Le "Level 1" utilise le "Mark to Market", l'évaluation à la valeur de marché, tandis que le "Level 3" est le domaine du "Mark to Model", autrement dit de l'évaluation selon des suppositions prédéterminées, ou, pour les mauvaises langues, de l'évaluation au gré du vent. Forte de son rating AAA ou AA, une tranche de CDO parquée en "Level 3" peut être valorisée 95%, 98% ou 99% de sa valeur nominale par une banque quand bien même sa valeur théorique de marché est un fraction de ce niveau. La banque peut fonder sa décision sur le rating de la tranche.

Mais peut-on faire encore confiance à des notations que les agences de rating ne cessent de rajuster à la baisse ?
A partir du 15 novembre 2007, la mise en oeuvre de la règle FASB 157 devrait couper court aux évaluations fantasques des banques. La date a été fixée il y a un an. Les directeurs financiers devront sans doute procéder à une opération vérité. Au vrai, les bilans des grandes banques d'affaires américaines mentionnent déjà le montant des actifs parqués en "Level 3".

Toutefois, il manque une information clef : le pourcentage de dépréciation par rapport à la valeur faciale des actifs.

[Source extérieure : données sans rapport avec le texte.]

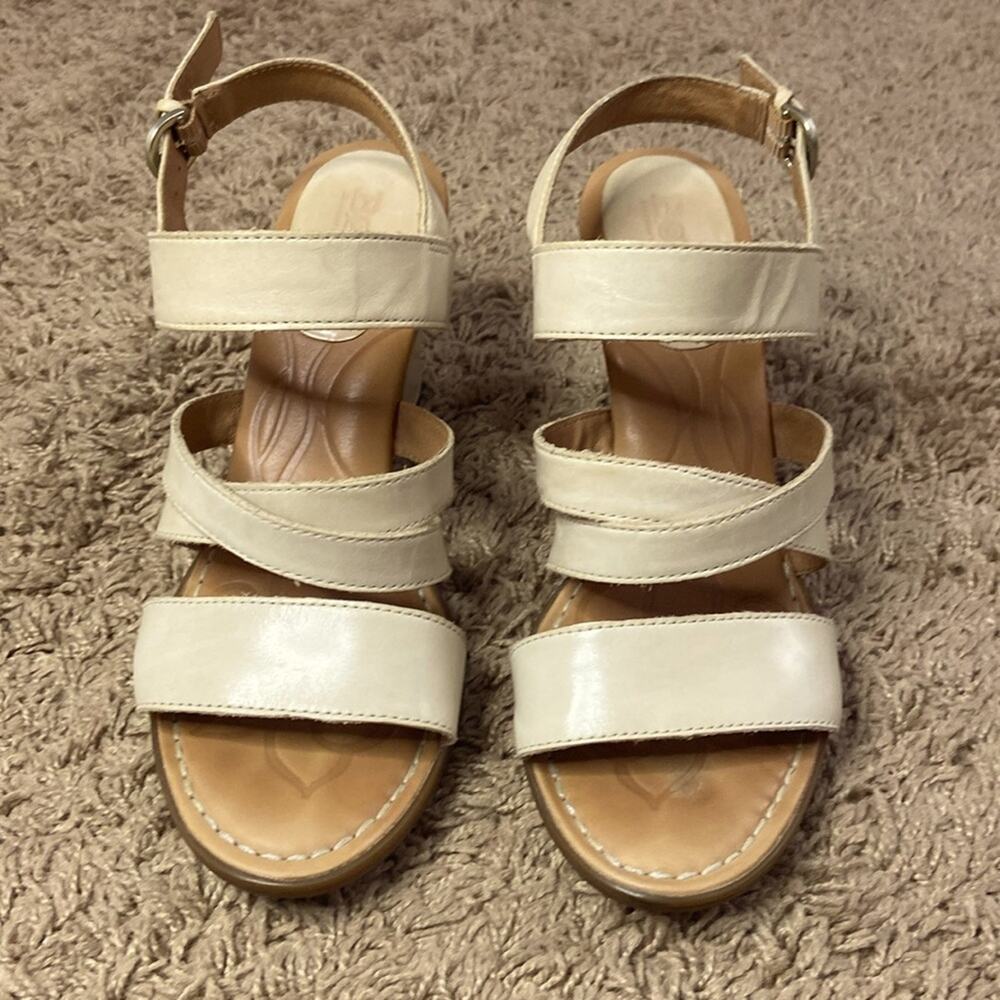 Born Women Off White Leather Strappy Heel Sandals Size 8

Si la dépréciation n'a pas encore été effectuée, ou si elle n'est que minime, on peut s'attendre à de nouvelles provisions considérables. Rappelons qu'après avoir annoncé une provision de 5,9 milliards de dollars lors de ses résultats du troisième trimestre fiscal, Citigroup a annoncé devoir passer une provision supplémentaire comprise entre 8 et 11 milliards de dollars. Or, on découvre à la lecture de son dossier 10-Q remis à la Securities and Exchange Commission (SEC) que Citigroup porte 136 milliards de dollars d'actifs dans la catégorie "Level 3" au 30 septembre 2007. Ceci à comparer à des fonds propres de 126,9 milliards de dollars. Bien sûr, la totalité des actifs du "Level 3" ne sont pas constitués par des subprimes ou des CDO sans liquidité. Par ailleurs, Citigroup a réduit son exposition au risque mais on peut se demander si les 8 à 11 milliards de dépréciation prévue seront suffisants.

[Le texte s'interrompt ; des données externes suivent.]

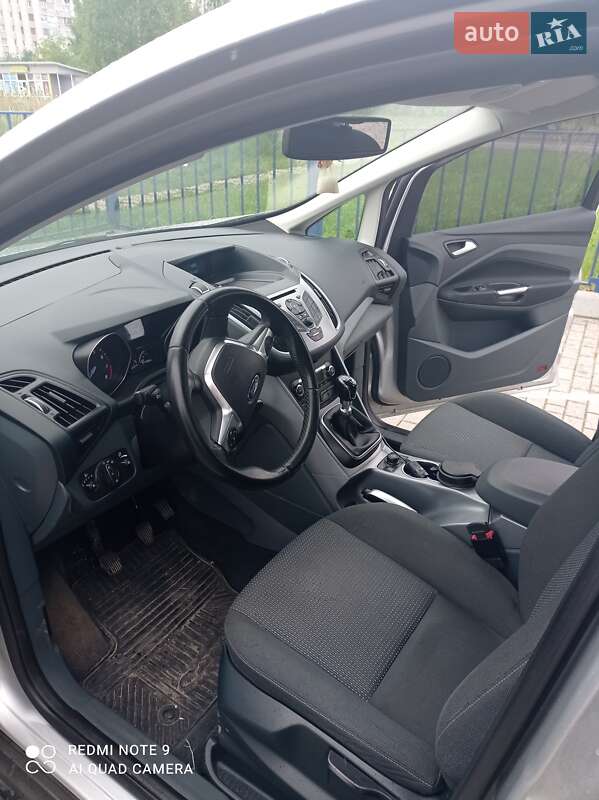 Хэтчбек Ford C-Max 2013 в Дрогобыче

La lecture des autres dossiers 10-Q est édifiante. Merrill Lynch semble pas trop mal loti avec 27 milliards de dollars de "Level 3" pour des fonds propres de 38,6 milliards. Lehman Brothers est dans une situation plus délicate avec 36,8 milliards de "Level 3" pour des fonds propres de 21,7 milliards de dollars. Bear Stearns ? 18,3 milliards de "Level 3" pour des fonds propres de 13 milliards de dollars. Goldman Sachs ? 72 milliards de "Level 3" pour des fonds propres de 39 milliards. Morgan Stanley ? 68 milliards de "Level 3" pour des fonds propres de 35,25 milliards de dollars. JP Morgan Chase ? 15,2 milliards de dollars de "Level 3" pour des fonds propres de 120 milliards de dollars. Bank of America ? C'est visiblement la banque la plus solide avec 27,8 milliards de dollars de "Level 3" pour des fonds propres de 138,5 milliards de dollars. N'oublions pas que Bank of America a secouru Countrywide.

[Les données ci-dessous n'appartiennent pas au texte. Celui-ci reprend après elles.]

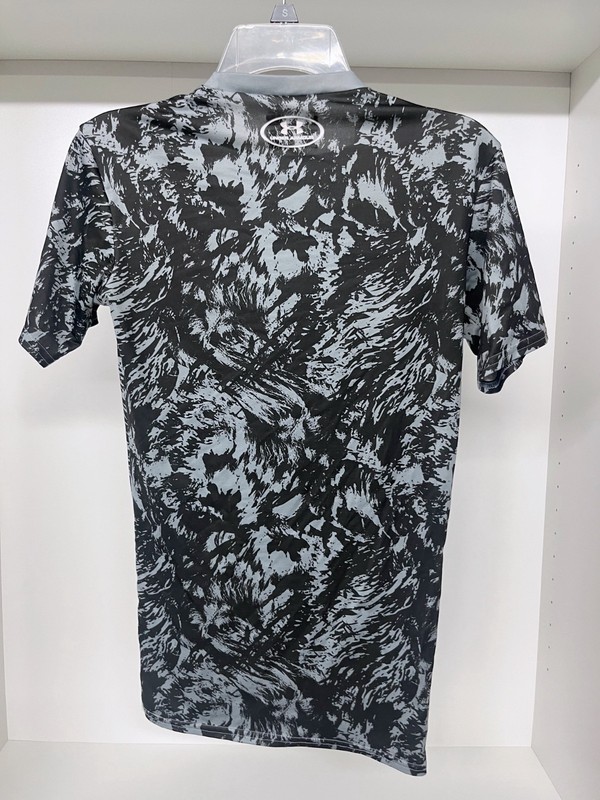 Under Armour Grizzly Bear Heat Gear Compression Shirt, SMALL - Alter Ego! gallery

Cependant, de tels niveaux prouvent que les grandes banques américaines vont devoir renforcer leurs fonds propres. La distribution de dividendes sera sous pression tout comme les programmes de rachat de titres. Il ne serait pas étonnant que des fusions permettent d'amoindrir l'impact de la crise. D'où des changements possibles de logo : Morgan Sachs ? Merrill Stearns? Citi of America ? Lehman JP Morgan Chase ?... A vous de juger.